建物の中に置かれた調度品の内で、気になるものがある。あの、足を乗せるために両脇に突き出た部分がある、産婦人科に備え付けてある診察台である。この寝にくい診察台の上で桐生は寝る。それが、何を意味するか。恐らくは、自分を産んだ母への想いであろうか。なぜなら、桐生は、両親に、物心が着くか着かないうちに「捨てられた」からである。
想像するに、父親が桐生家に婿として入ったのではないだろうか。父親は、その内に、他に、日活ロマンポルノ女優風祭ゆきが扮する愛人を作り、桐生家を出ていく。桐生家の娘であった母親は、そのことに耐えられずに衝撃的に自殺して、薫を「見捨てる」。それが、薫にはトラウマになっているのである。
こうした、心に傷を負った薫を慰めてくれたのが、ひょっとして、Isaac AsimovのSF小説であったのかもしれない。建物の中を検分するように見渡すカメラは、ある、古びた本を映し出す。『われはロボット』という題名である。

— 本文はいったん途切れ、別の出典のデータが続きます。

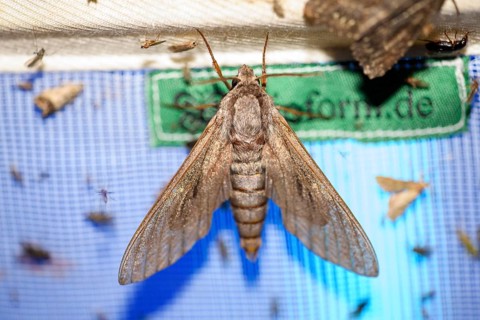 Close-up of a nocturnal butterfly pine hawkmoth (Sphinx pinastri) on a net during light trapping in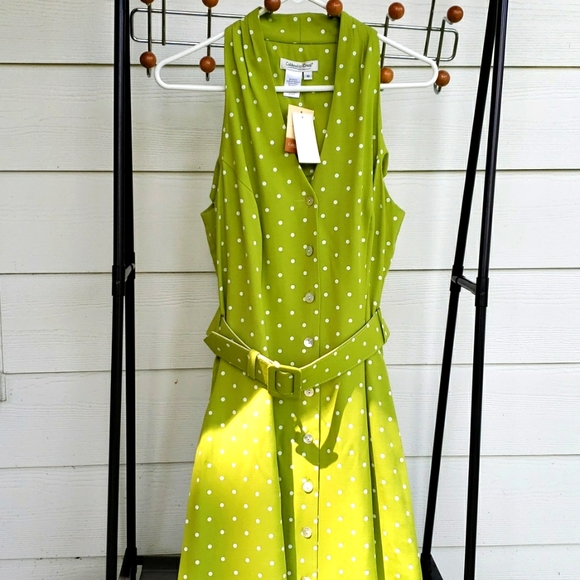 BNWT COLDWATER CREEK Zesty Green Polka Dot Button Front Belted Fit & Flare (10) - Picture 2 of 11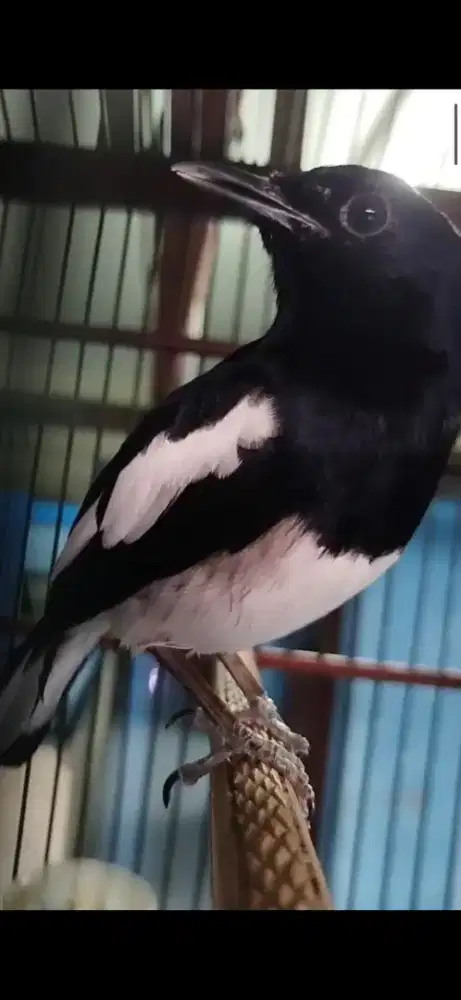 Burung Kacer Rawatan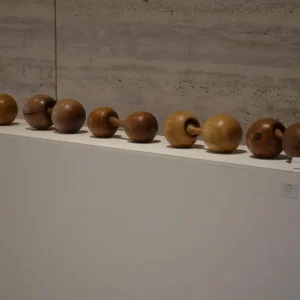 Serie de Esferas de Madera – Valentina Jara Bravo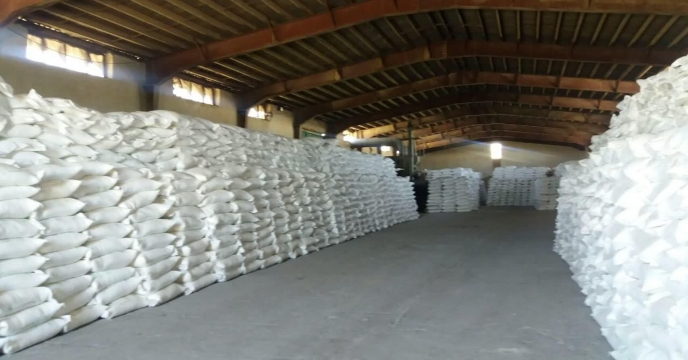 برداشت هلو از باغات شهرستان خنداب  قطب بزرگ باغات استان مرکزی 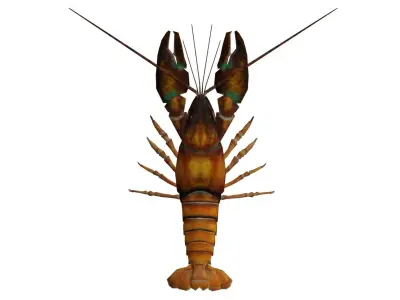 Crayfish Low-poly 3D model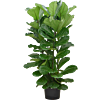Ficus Lyrata grote plant kantoortuin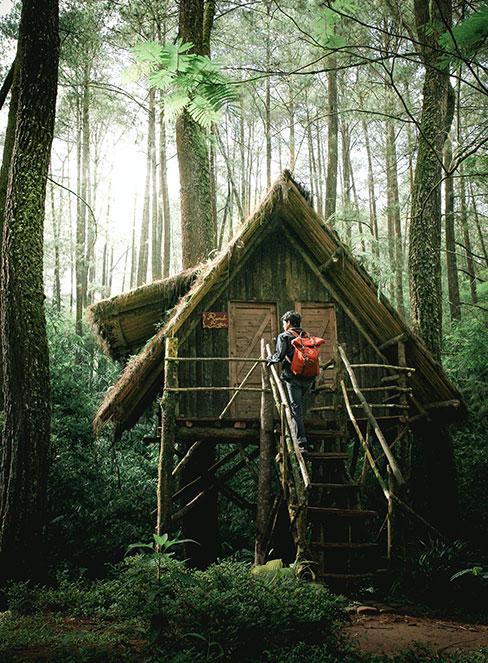 chłopiec wchodzący do domku na drzewie w lesie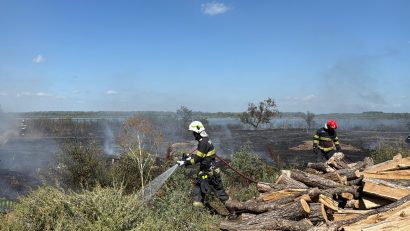 UPDATE / Pompierii tulceni intervin pentru stingerea unui incendiu de vegetație uscată, în localitatea Murighiol
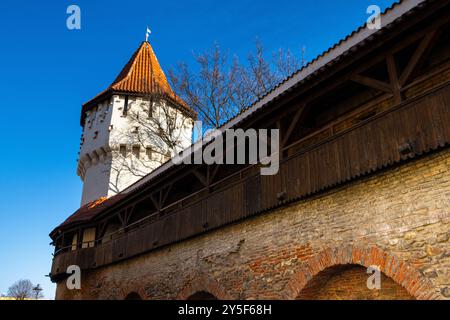 Mur de défense et la tour des charpentiers, l'un des bâtiments qui fait partie du mur défensif de la vieille ville de Sibiu, Roumanie Banque D'Images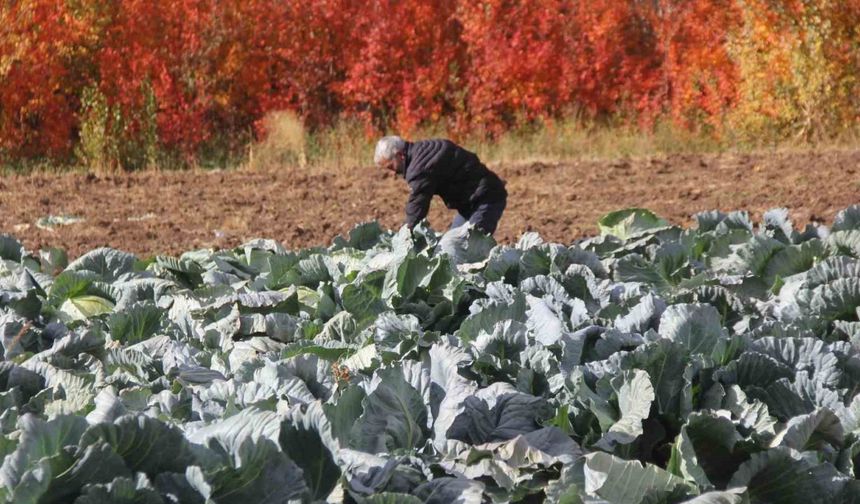 Deden toruna kalan ata tohumundan üretilen lahanaların hasadı başladı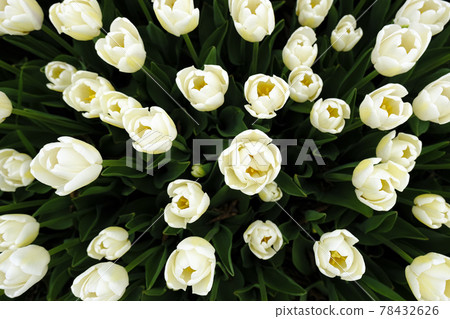 Top view on Beautiful field of white tulips close up. Spring background with tender tulips. White floral background. Top view on Beautiful field of white tulips close up. Spring background with tender tulips. White floral background. 78432626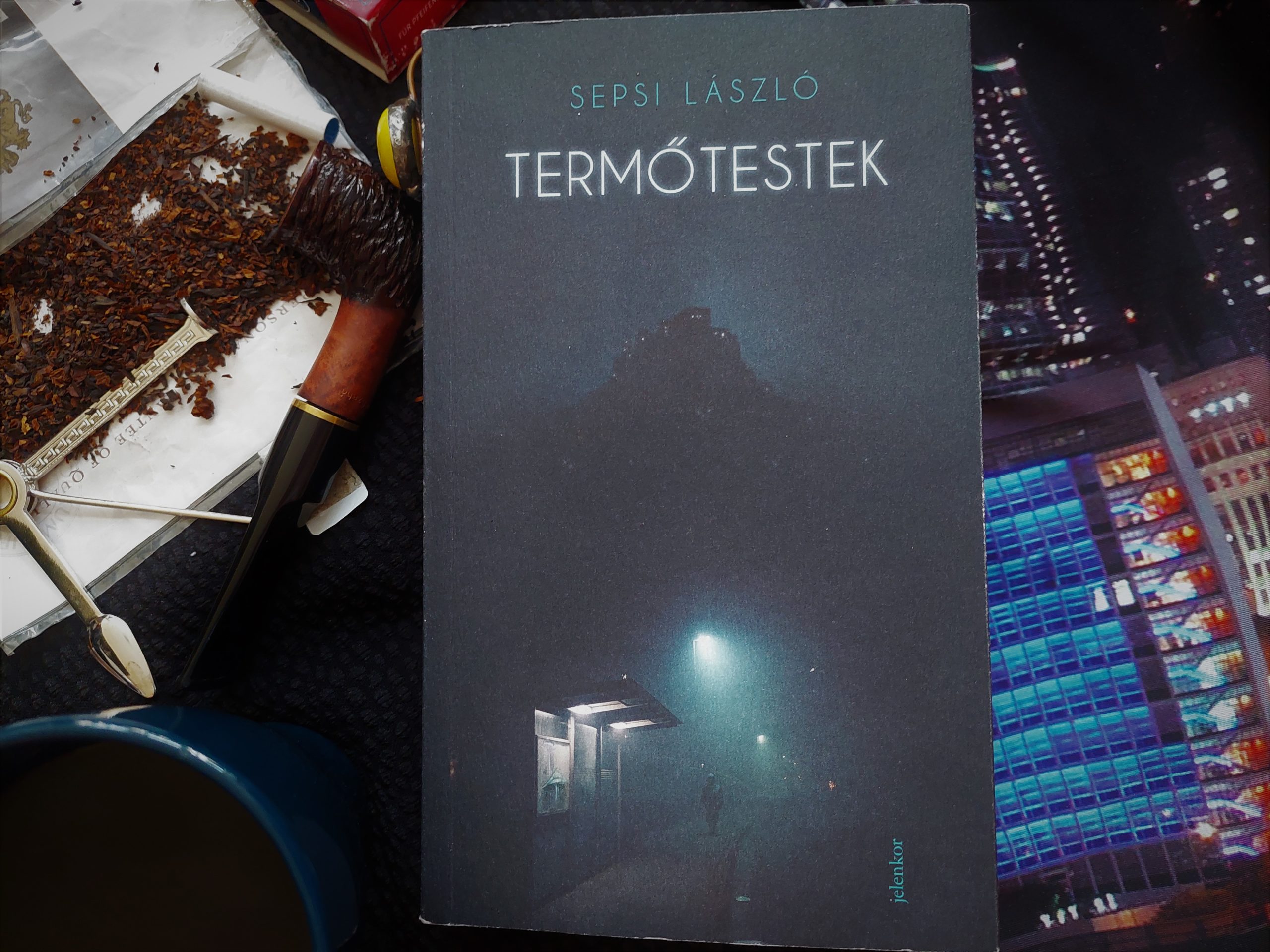 Termőtestek - saját kép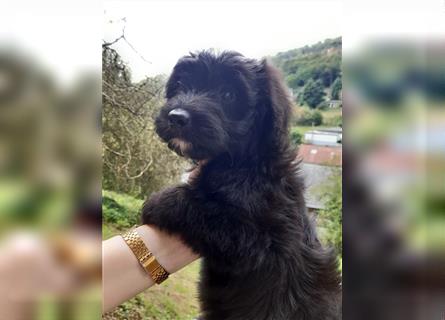 Aussiedoodle, Welpe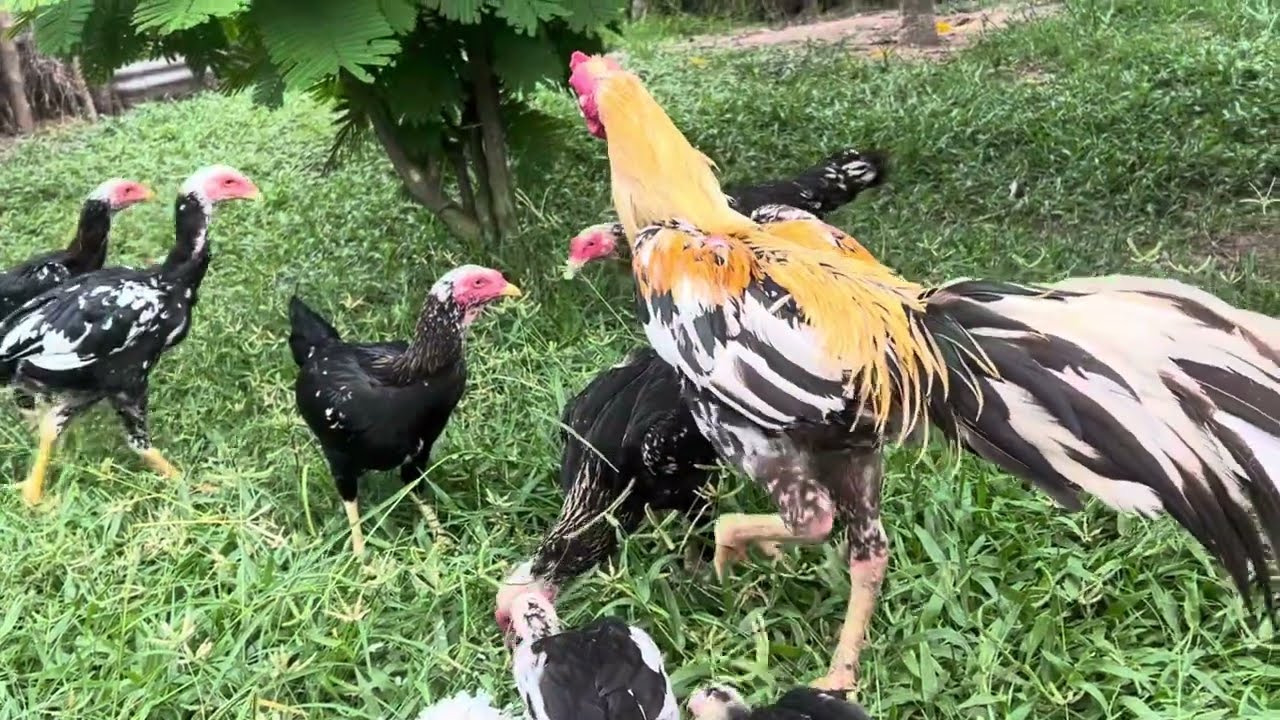 อัพเดท ลูกไก่ สายพันธ์ เหลืองหางขาว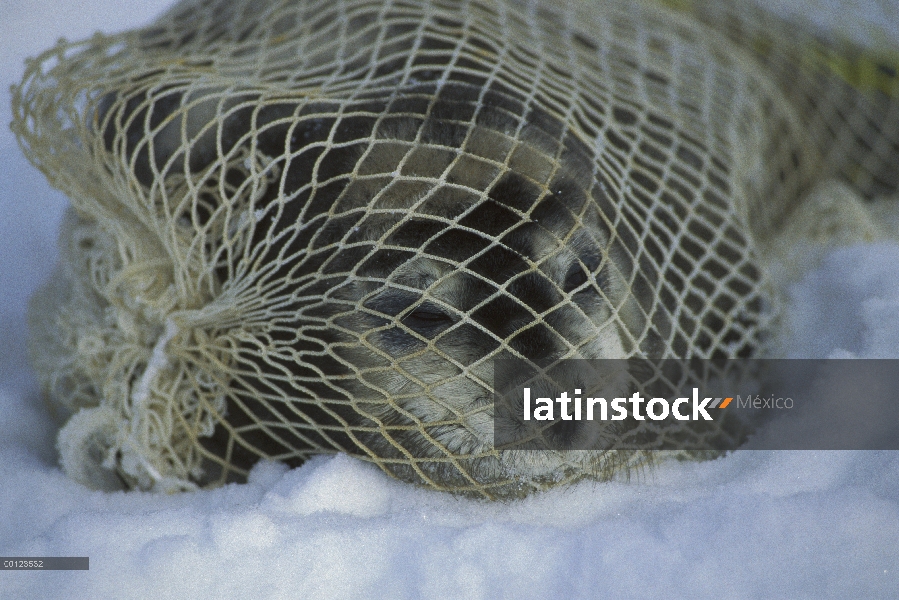 Barba pup de sello (Erignathus barbatus) capturado por los investigadores para el etiquetado, Svalba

翻訳者は、小尾芙佐(おび ふさ)である。
『われはロボット』とは、I.アシモフが1950年に発表した、初期のロボットものSFの短編集であり、本書において有名なロボット工学三原則が示され、アシモフはロボットSFの第一人者としての地位を確立することになるのであるが、小尾は、早川書房の女性翻訳者として、このアシモフの古典的作品を共同翻訳し、1963年に上梓している。つまり、今(2022年)からほぼ60年前の本である。薫は何歳の時にこの本を読んだのであろうか。
さて、以上を読んで、本作は何と「暗い」ストーリーであろうか、と思われる方がいるかもしれないのであるが、本作には、何とはなしではあるが、ある種のHumorフモールがある。
「異常」とは、常とは異なることである。常とは、普通のことであり、その普通と異なると、そこには、二重の意味での「可笑しみ」が生まれる。可笑しいから、変であり、可笑しいから、笑えるのである。この笑える部分が、滑稽なのであり、脚本も書いている阪本監督は、その可笑しみを、意図してか、或いは意図せずにか、よく出している。
そして、この「可笑しみ」をよく体現しているのが、大阪人俳優豊川 悦司(とよかわ えつし)である。本作で、豊川は、阪本監督と5本以上目の共作となる。1958年に大阪府で生まれた阪本 順治監督は、基本的には脚本も書く監督であり、筆者は、その代表作であるという『大鹿村騒動記』(2011年作)や『北のカナリアたち』(2012年作)などは観ていないが、本作での「滑稽味」は、数ある阪本作品でも独特のものかもしれない。
撮影監督は、儀間眞悟で、阪本監督とは、『団地』(2016年作)他、数本で共作している。一方、美術監督は、「阪本組」の一員と言える原田満生で、彼は、1998年以降、阪本監督の15本の作品で共作しており、阪本監督の『顔』(2000年作)を以って、第55回毎日映画コンクールで、美術賞を、同じく阪本監督の『亡国のイージス』(2005年作)を以って、第29回日本アカデミー賞で、優秀美術賞を受賞している。